And Utah 117 ran straight through its bloodless heart. Driving it was my job. In rare, charitable moments I thought what I did might be important. I’d been doing the job for so long I didn’t know anything else. And maybe I didn’t want to.
I turned and looked up at the windshield of the truck and thought of my passengers. Maybe Ginny had a point. Belle was safer with me on 117 than in her crib, or just as safe. For all I knew the same was true of the boy. I knew it was true for me. I felt safer in a natural world no matter how treacherous and unforgiving, without promises or illusions, than at home in my crib.
4
Except for random patches of ice, the ten miles to The Well-Known Desert Diner were trouble-free. The locals had long ago nicknamed the place The Never-Open Desert Diner. The diner was always my first stop, and sometimes my last, even when I had nothing to deliver to Walt Butterfield, its owner. As usual, I parked my rig on the gravel apron. The Closed sign hung from the front door and the place, while never open, seemed more closed these days than in times past. The two antique glass bubble pumps were just homeless old men who had run out of conversation. A frozen lace of spiderweb reached across one corner of the door. It was a beautiful and lonely addition, caught as it was in the early sunlight.
If Walt was still Walt he’d been up for hours and was already tending to his collection of vintage motorcycles in the 50 × 100-foot Quonset hut behind the diner. He knew I had arrived. Even at eighty years old that extra sense of his that alerted him to the presence of visitors was just as keen as ever, which only served to give him warning there was someone around who might require ignoring, or dismissal. It occurred to me on the drive, during a moment of irresponsible cowardice and desperation, to ask Walt if he would take care of Belle for the day. Most likely I wouldn’t, no matter what excuses I came up with. The probability Walt would say yes was the textbook definition of a long shot. Walt could be full of surprises and there was always a chance he might surprise me and not be an asshole.
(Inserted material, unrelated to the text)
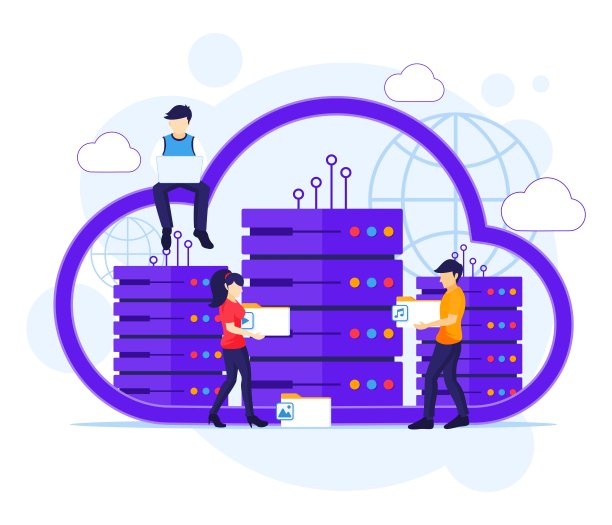 云计算概念，笔记本电脑和服务器工作人员，数字存储，数据中心。矢量图图片下载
With Belle swinging from her car seat and the diaper bag slung over my shoulder I walked across the gravel toward the diner. A little gust of wind kicked up and fluttered the spiderweb and swept some dry snow off the roof. Call it habit or superstition, I always peered through the window for the little taste of reassurance or, since Claire died, the sad welcome, provided by the interior of the diner.
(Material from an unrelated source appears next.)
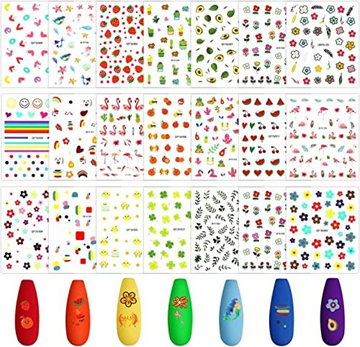 24 Sheets Airbrush Stencils Nail Stickers for Nails Heart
It was all there in its timeless glory, as it must have been when the diner was first built in 1929. Back then it was the Oasis Café. Walt and Bernice, his Korean War bride, bought the place in 1953 and changed the name. She chose the name Bernice. He was only twenty. She was just sixteen and spoke no English.
I let my eyes wander and linger over the spit-polished linoleum tiles and chrome-lined counter, lime-green vinyl chairs, and stools.